Circular AI firing squad: Fighting AI bias with fake faces may pose real privacy risks
The problems with fake faces are so complex that some solutions just create more problems.
Researchers in Switzerland, for example, think they have come up with a way to get around training datasets that underrepresent non-white cis males in facial recognition tools.
Idiap Research Institute scientists are going to create synthetic faces representing the rest of the population to train biometric algorithms.
The researchers will supervise the so-called Safer Project with counterparts from the University of Zurich and Sicpa, a Swiss firm creating security links for sensitive documents including currencies. The company will evaluate what the school and Idiap develop.
Biased datasets have become the third rail of facial recognition tool construction. They are an easy target for politicians and regulators, and, according to Idiap, technology companies are recoiling from the possibility of being tied to anything labeled biased.
(The organization has swung at biometrics fairness before.)
Idiap does not mention if there might be a copy-of-a-copy problem in this solution. By definition, synthetic faces are not perfect. Will imperfections in the dataset eventually result in unexpected and significant aberrations among populations that developers had hoped to help?
Then there is a pre-press research paper, titled ‘This Person (Probably) Exists,’ which questions one of the fundamental assumptions of black-box neural networks — that there is no way to know the information that flows into them.
Facial datasets are protected, and thus, so is the privacy of the owners of those faces, according to this principle.
But scientists from the University of Caen Normandie and ENSI Caen say they have found that generative adversarial networks “leak information about their training data” through a new, experimental membership attack.

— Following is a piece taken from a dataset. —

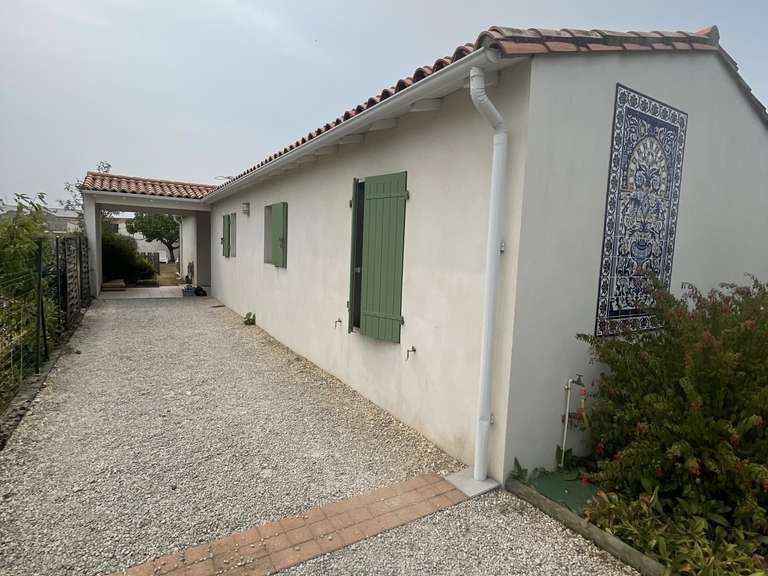 Maison Sainte-Marie-de-Ré - 6 chambres - 207m²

The attack enabled researchers to “discern samples sharing the same identity as training samples without being the same samples.” It worked when used with multiple popular face datasets and network training procedures.
An MIT Technology Review article analyzing the paper noted that a person’s medical records used to train a diseased-focused model could put a light on that person thanks to a fake face that closely resembles the patient.
This, of course, means that in theory, Idiap’s idea — creating faces to increase model inclusivity — could end up outing the real subjects used to create synthetic ones for face datasets.